It is a massive change, and has many securities experts fearing the consequences. In a contentious 3-2 split, the Securities and Exchange Commission recently voted in favor of this new interpretation. What a trial-lawyer bonanza it will be if this becomes the new standard. SEC Commissioner Paul S. Atkins prefers the status quo, despite his agency’s ruling. As Mr. Atkins put it last month: “[T]he lure of potentially enormous payouts for successfully settled class-action lawsuits has encouraged creativity by the class action plaintiff’s bar, including the development of new and expansive theories of liability… Under the ‘scheme liability’ concept that the SEC majority advocated, plaintiffs would be able to reach into the deep pockets of customers, vendors and other firms that simply do business with issuers.”

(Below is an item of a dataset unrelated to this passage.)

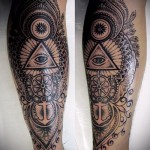 tetoválás borjú lábán férfiaknak - fotó példa 20122015 # 1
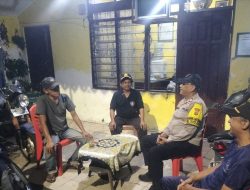 Sambangi Poskamling RW 09, Bhabinkamtibmas Ajak Warga Aktif Jaga Keamanan Lingkungan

This would be staggeringly expensive for U.S. corporations. Most securities lawsuits never reach a test in court; they are settled outside. With the voluminous new documentation and heightened liability this “scheme liability” would involve, it is certain that on the margin, American and foreign businesses will simply opt out of a transaction rather than withstand the risk. As the Economist magazine put it recently: “Many foreign firms that choose to list their shares elsewhere point to America’s ‘litigation lottery’ as the principal reason.” Also: “Any firm, anywhere, doing business with American companies would have to live with the risk that the transaction could later be portrayed as fraudulent and deceptive.”

Trial lawyers have an obvious financial incentive and demonstrate proclivity to fleece anyone they can. The best recourse continues to be the Securities and Exchange Commission, which for all its flaws handles this matter much better than courtrooms ever could.